Holy Tuesday Reflection: Foolishness and Salvation

Beginning Lent

“The message about the cross is foolishness to those who are perishing, but to us who are being saved it is the power of God” (1 Corinthians 1:18 NRSV).

“It is not all about me.  It is not all about you.  It is about something greater.”  The Rev. Kate Bradtmiller, Associate Rector at St. John the Evangelist Episcopal Church in St. Paul preached these words on the Fifth Sunday of Lent.  The Gospel text was the one used for Today’s Office and Mass, John 12:20-36.  Here on this Tuesday in Holy Week, in addition we have these words from 1 Corinthians 1:18.

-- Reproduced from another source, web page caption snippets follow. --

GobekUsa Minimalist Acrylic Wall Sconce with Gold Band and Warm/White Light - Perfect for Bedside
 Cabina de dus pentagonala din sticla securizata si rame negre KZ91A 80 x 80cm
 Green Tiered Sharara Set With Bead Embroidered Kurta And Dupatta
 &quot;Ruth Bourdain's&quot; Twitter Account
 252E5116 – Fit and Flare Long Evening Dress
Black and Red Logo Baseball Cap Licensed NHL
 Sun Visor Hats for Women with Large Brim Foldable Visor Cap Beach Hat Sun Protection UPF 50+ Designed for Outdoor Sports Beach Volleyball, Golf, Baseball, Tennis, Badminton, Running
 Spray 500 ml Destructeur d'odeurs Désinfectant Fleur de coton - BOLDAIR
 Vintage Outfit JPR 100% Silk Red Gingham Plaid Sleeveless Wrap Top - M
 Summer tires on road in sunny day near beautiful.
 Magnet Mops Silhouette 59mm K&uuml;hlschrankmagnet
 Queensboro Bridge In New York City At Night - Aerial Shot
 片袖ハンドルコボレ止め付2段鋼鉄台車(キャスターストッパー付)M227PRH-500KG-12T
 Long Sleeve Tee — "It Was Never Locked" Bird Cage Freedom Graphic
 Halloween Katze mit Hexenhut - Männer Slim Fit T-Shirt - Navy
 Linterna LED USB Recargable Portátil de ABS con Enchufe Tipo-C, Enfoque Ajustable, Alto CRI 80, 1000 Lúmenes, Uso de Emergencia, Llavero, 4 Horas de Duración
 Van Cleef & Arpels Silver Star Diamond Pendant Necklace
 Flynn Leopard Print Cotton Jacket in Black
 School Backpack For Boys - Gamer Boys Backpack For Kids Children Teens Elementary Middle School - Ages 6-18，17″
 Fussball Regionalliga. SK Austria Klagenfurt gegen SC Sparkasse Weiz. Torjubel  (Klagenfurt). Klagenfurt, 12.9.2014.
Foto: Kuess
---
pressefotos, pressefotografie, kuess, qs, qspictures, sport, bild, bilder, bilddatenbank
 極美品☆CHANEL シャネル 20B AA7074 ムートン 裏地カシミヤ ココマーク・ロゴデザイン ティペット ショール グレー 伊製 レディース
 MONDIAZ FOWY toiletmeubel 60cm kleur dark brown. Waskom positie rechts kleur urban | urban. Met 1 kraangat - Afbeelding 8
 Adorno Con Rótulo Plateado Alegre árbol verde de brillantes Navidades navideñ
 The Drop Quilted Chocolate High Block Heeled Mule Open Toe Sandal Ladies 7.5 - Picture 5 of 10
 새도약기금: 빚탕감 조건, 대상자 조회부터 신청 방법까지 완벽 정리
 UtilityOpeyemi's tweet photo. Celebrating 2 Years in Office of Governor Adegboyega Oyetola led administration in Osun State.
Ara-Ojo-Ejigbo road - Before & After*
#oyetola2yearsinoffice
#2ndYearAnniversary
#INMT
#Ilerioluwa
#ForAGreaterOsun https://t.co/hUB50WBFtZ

It is not complicated to read these words of St. Paul and apply them in a way that we center them on ourselves.  There is a certain degree of arrogance about them, if we only take them at face value.  When we take these words deeper into our prayer and reflect on them, the meaning is very different.  They are not about us.  They are about something greater.

The meaning of the Cross and the hope of salvation can never be limited to just us.  On the Cross, Jesus gave up everything, including His relationship with His Father, only trusting in God by faith with His very last breath.  What does this mean?  The message of the Cross is foolishness to those who are perishing in their own self-centered carnality.  This can be any one of us at any given point in time.  Even in the most devout act of piety and/or so called “self-denial” for the sake of itself.  The Cross is the power of God unto salvation the more we accept and let go of the reality that it is not about us.  It is about something greater than ourselves.   It is about something that we can only contemplate and become centered around with simple faith and trust in God.  We can only catch a glimpse of it and not completely grasp it with our human senses, abilities or intellect.  It must be received through the act of self-sacrifice from a purity of heart seeking only union with God for the sake of God alone.  If this does not translate into a greater love of God and our neighbor, then foolishness is all it really is.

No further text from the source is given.